For parents looking to know how to do an effective time out with their toddler or child, here is the ‘quick and dirty’ of how to use time out.
Say your child does something bad e.g. hits her little brother.
Remind yourself that she is trying to get your attention. So any response you give in that moment (even negative attention, like shouting at her) is reinforcing!
Speak only to give an initial warning. “Jessie, if you hit your little brother again you are going to time-out. This is your warning”
Continue with what you were doing. If she moves on and does not hit again, congratulate her and give attention to something good she is doing: “oh wow, that’s a pretty picture you are drawing!”. If she does hit again take the following steps.
Say ‘time out’ firmly but without shouting. Avoid any other conversation (see point 1)
Pick her up (gently) but avoid talking and ideally avoid eye contact and take her to any room with a door that can be closed. A glass door will not work as she can still see you. Remember you are trying to remove attention (not punish per-se).

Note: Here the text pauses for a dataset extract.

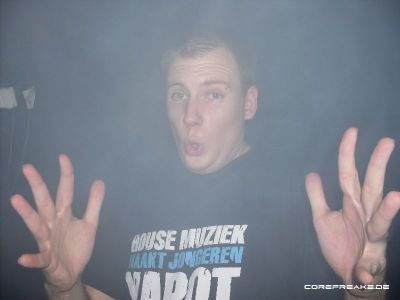 Klicken für Bild in voller Größe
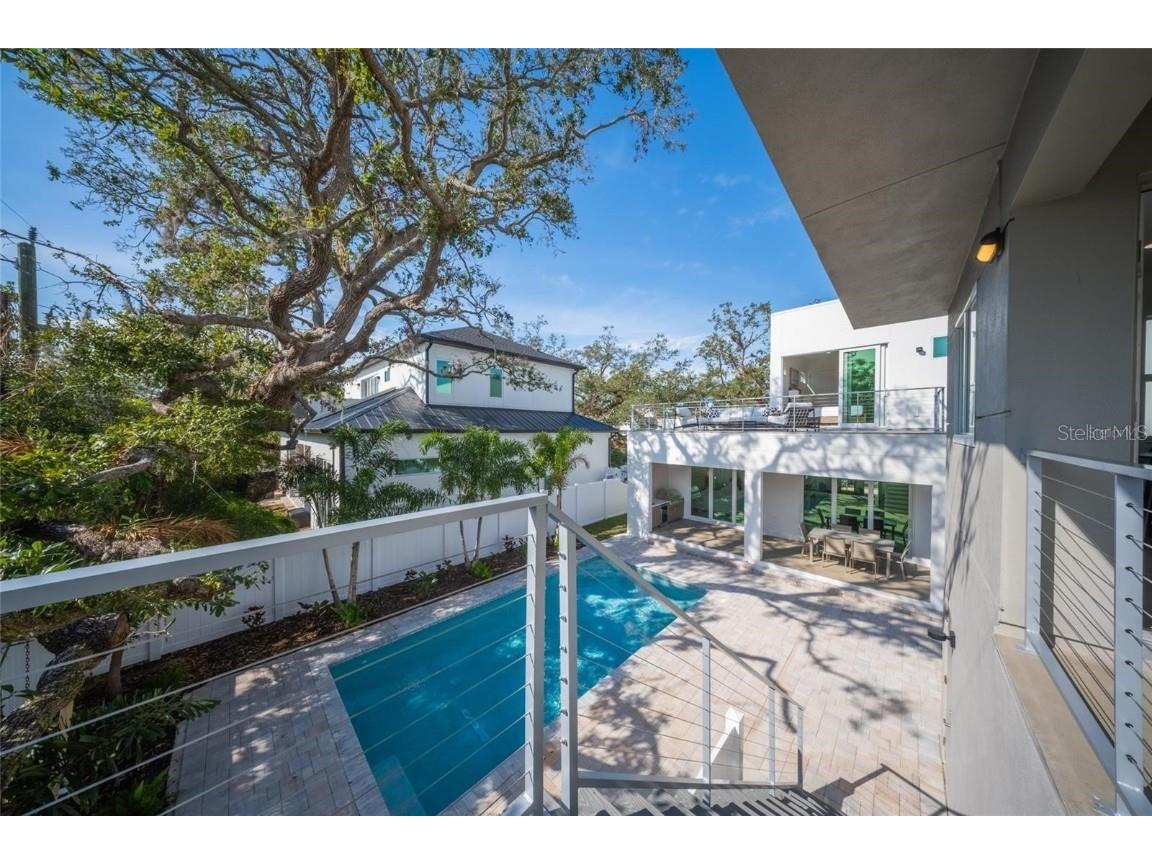 2430 Floyd Street Sarasota FL 34239 A4672666 image69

As long as she cannot hurt herself in the room, close the door, and stand by it, holding the door knob if she is trying to exit.
Do not say a word or respond to anything she is doing inside the room (unless of course you are worried for her safety). Keep her in for the number of minutes corresponding to her age (i.e., a 2 year old would stay for 2 minutes).

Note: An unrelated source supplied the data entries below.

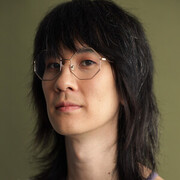 Ariel Loh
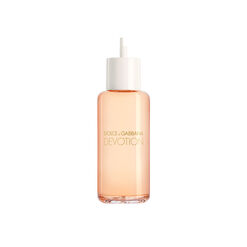 Recarga Eau de Parfum, , hi-res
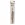 K30916 KnitPro Häkelhaken soft feel 8 mm - K30916 KnitPro Häkelhaken soft feel 8 mm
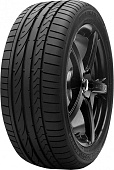 Летние шины Bridgestone Potenza RE050A 265/35 R19 98Y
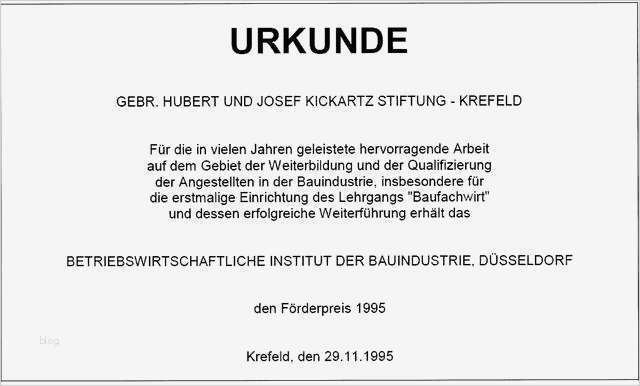 Urkunde Ehrenamt Vorlage Cool Vorlage Für Urkunde Urkunde Ehrenamt Vorlage Cool Vorlage Für Urkunde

Once the time is up, open the door, get down to her level and explain why she was put in time out, in a calm kind tone. “Jessie, I put you in time out because you hit your little brother and it is not nice to hit other people”.
Ask her to apologize to you and give her a big hug. You can also ask her to apologize to her brother for hitting him.
If she does it again, repeat the steps over and over and over. At the very least, even if nothing else is changing, you are at least giving yourself 2 minutes to calm down :-)
Time outs are an effective strategy to use, providing you have created a rich, loving, fun and caring environment for all the ‘time in’. If you think about it not as a punishment but rather as a way to remove attention from a behavior that you don’t want to reward, you will be able to use it correctly. Technically, if it wasn’t for the potential risk of leaving your child in the environment they were misbehaving in (i.e., with the little brother whom they are hitting), you could actually put yourself in time out instead! How many parents would welcome having two minutes peace for themselves!